CANOE / KAYAK
The Shubenacadie Canal and Waterway has long been a great outing for recreational canoe trippers. It seems as if it was designed especially for those who enjoy the idea of completing a wilderness route from start to finish.
In 1989, Canoe/Kayak Nova Scotia recognized the need for more information on the route and produced the first of its “Canoe Routes of Nova Scotia” series.
Click here for information on Canoe to the Sea Paddling Series.
Lake Banook serves as the logical beginning for a paddling excursion, with its calm waters and accessible boat launch area. The lake is only 1.5 km long and has lots of activity with competitive canoe/kayak races, as well as rowing.. Lake Micmac is home to water skiers and jet-boats which means more care must be taken to ensure safe paddling. The many coves, abundant wildlife and the existence of the remnant canal structures make up for the extra care required.
A municipal campground is available in Shubie Park, on the portage and canal between Lake Micmac and the neighbouring Lake Charles.

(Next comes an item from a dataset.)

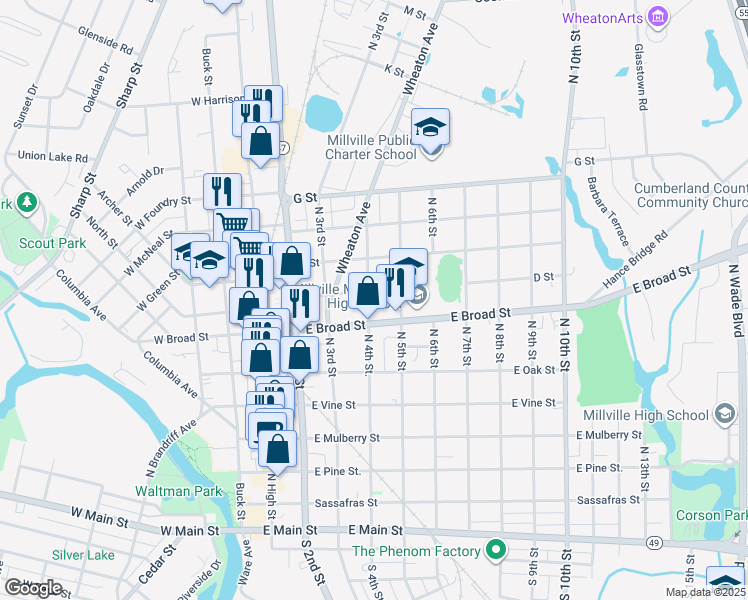 map of restaurants, bars, coffee shops, grocery stores, and more near 700 North 4th Street in Millville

Lake Charles is also home to water skiers, but the lake is fairly long (4 km) and large enough to share with all user groups.
There is an increasing number of recreational canoe/kayakers on this lake recently, with the growing popularity of sea kayaks. The portage into Lake William is a fascinating trek through the history of the Canal Waterway, including one of its marine railroads. It is difficult to make this 1.5 km. passage with heavy boats.
Lake William, Lake Thomas and Lake Fletcher are all surrounded by rural and woodland areas, making the trip a diverse experience. Cottage owners mayl be on the lakes, enjoying the paddling opportunities.
The local paddling club, Cheema, also uses Lake Charles daily, as children enjoy the calm waters for training.
Once at the northern end of Lake Fletcher, a few short portages are required to access Grand Lake. This lake is very large and often too windy for paddling. If activities are confined to the morning, when winds are calmer, paddlers can reach the campground at Laurie Provincial Park.
Another morning paddle, of 6.5 km. to the head of the Shubenacadie River, completes the lake section of the Canal. It is in Sandy Cove, just past Oakfield Picnic Park, that the route opens into a pleasant 40 km. of paddling down a meandering Shubenacadie River.
Once at the Village of Shubenacadie, the tidal portion of the route begins. When the tidal bore comes into the river the water action generates waves large enough to support white-water-rafting. Recreational canoeing becomes considerably more difficult during these times. Caution should be taken to plan your journey through this part of the river during times of the day when the tide is not creating rough water.
In more recent years, paddle boarding has become a popular recreational experience on the stiller waters of the Shubenacadie Canal Waterway. While Lake Banook is a much-used spot for this fun activity, the Deep Cut section of the Canal Waterway at the Shubenacadie Park is a paddle boarder’s paradise with its long stretch of calm and flat waters.
Canoe / Kayak rentals are available from May to October.